Data Types

Data types govern how physical data is interpreted. Their specification allows binary interoperability between different Arrow implementations, including from different programming languages and runtimes (for example it is possible to access the same data, without copying, from both Python and Java using the pyarrow.jvm bridge module).

Information about a data type in C++ can be represented in three ways:

  1. Using a arrow::DataType instance (e.g. as a function argument)

  2. Using a arrow::DataType concrete subclass (e.g. as a template parameter)

  3. Using a arrow::Type::type enum value (e.g. as the condition of a switch statement)

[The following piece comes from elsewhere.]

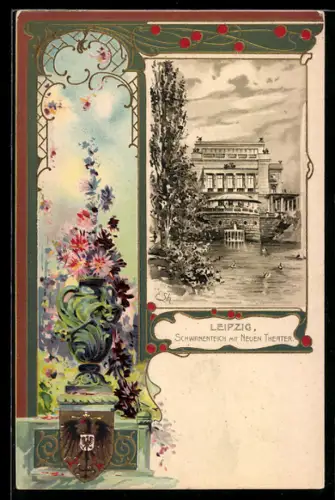 Passepartout-Lithographie Leipzig, Schwanenteich mit Neuen Theater, Reichswappen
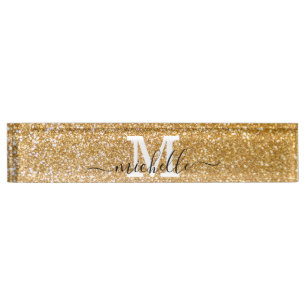 Gold Elegant Glitter Feminine Script Name Nameplate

The first form (using a arrow::DataType instance) is the most idiomatic and flexible. Runtime-parametric types can only be fully represented with a DataType instance. For example, a arrow::TimestampType needs to be constructed at runtime with a arrow::TimeUnit::type parameter; a arrow::Decimal128Type with scale and precision parameters; a arrow::ListType with a full child type (itself a arrow::DataType instance).

The two other forms can be used where performance is critical, in order to avoid paying the price of dynamic typing and polymorphism. However, some amount of runtime switching can still be required for parametric types. It is not possible to reify all possible types at compile time, since Arrow data types allows arbitrary nesting.

Creating data types

To instantiate data types, it is recommended to call the provided factory functions:

std::shared_ptr<arrow::DataType> type;

// A 16-bit integer type
type = arrow::int16();
// A 64-bit timestamp type (with microsecond granularity)
type = arrow::timestamp(arrow::TimeUnit::MICRO);
// A list type of single-precision floating-point values
type = arrow::list(arrow::float32());